Will you return, word for word, only the lines from the top of the data below down to and including the one with "Виброплита реверсивная гидравлическая"?

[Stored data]
((

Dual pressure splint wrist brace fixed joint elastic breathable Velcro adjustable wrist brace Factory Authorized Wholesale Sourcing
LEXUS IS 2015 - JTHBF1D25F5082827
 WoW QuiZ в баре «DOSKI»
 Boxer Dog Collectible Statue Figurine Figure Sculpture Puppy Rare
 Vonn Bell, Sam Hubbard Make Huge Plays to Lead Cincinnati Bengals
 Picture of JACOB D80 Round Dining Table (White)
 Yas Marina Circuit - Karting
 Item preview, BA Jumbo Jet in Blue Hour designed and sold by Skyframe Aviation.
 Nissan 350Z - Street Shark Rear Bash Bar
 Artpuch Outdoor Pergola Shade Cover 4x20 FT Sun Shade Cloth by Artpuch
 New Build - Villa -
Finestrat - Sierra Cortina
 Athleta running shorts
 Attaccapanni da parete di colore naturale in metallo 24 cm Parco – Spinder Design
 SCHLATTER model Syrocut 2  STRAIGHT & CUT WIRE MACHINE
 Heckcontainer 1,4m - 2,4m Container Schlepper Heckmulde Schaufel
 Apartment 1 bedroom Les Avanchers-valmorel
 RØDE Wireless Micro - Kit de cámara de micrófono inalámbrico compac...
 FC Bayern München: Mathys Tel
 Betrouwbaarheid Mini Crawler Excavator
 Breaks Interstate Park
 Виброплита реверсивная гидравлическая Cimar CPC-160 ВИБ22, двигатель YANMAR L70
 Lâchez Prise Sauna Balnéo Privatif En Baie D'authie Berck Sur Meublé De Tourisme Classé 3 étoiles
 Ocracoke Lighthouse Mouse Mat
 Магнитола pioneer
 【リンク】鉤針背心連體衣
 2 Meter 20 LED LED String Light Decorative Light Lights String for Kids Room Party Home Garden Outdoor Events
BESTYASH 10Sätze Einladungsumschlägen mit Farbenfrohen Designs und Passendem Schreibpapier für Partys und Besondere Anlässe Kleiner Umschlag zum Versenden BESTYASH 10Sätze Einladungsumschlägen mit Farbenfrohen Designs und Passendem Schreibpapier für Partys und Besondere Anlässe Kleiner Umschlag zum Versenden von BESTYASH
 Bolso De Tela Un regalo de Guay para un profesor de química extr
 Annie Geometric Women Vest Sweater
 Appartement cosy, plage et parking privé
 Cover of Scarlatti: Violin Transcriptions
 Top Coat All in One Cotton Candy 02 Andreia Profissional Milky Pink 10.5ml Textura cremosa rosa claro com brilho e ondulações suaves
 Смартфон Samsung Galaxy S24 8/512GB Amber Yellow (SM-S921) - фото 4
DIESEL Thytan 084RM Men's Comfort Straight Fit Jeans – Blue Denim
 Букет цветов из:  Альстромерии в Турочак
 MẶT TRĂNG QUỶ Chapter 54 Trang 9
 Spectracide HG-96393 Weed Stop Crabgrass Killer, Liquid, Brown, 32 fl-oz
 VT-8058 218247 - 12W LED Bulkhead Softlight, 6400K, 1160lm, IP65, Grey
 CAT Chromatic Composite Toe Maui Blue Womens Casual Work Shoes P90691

))

Solution for this exercise:
Dual pressure splint wrist brace fixed joint elastic breathable Velcro adjustable wrist brace Factory Authorized Wholesale Sourcing
LEXUS IS 2015 - JTHBF1D25F5082827
 WoW QuiZ в баре «DOSKI»
 Boxer Dog Collectible Statue Figurine Figure Sculpture Puppy Rare
 Vonn Bell, Sam Hubbard Make Huge Plays to Lead Cincinnati Bengals
 Picture of JACOB D80 Round Dining Table (White)
 Yas Marina Circuit - Karting
 Item preview, BA Jumbo Jet in Blue Hour designed and sold by Skyframe Aviation.
 Nissan 350Z - Street Shark Rear Bash Bar
 Artpuch Outdoor Pergola Shade Cover 4x20 FT Sun Shade Cloth by Artpuch
 New Build - Villa -
Finestrat - Sierra Cortina
 Athleta running shorts
 Attaccapanni da parete di colore naturale in metallo 24 cm Parco – Spinder Design
 SCHLATTER model Syrocut 2  STRAIGHT & CUT WIRE MACHINE
 Heckcontainer 1,4m - 2,4m Container Schlepper Heckmulde Schaufel
 Apartment 1 bedroom Les Avanchers-valmorel
 RØDE Wireless Micro - Kit de cámara de micrófono inalámbrico compac...
 FC Bayern München: Mathys Tel
 Betrouwbaarheid Mini Crawler Excavator
 Breaks Interstate Park
 Виброплита реверсивная гидравлическая Cimar CPC-160 ВИБ22, двигатель YANMAR L70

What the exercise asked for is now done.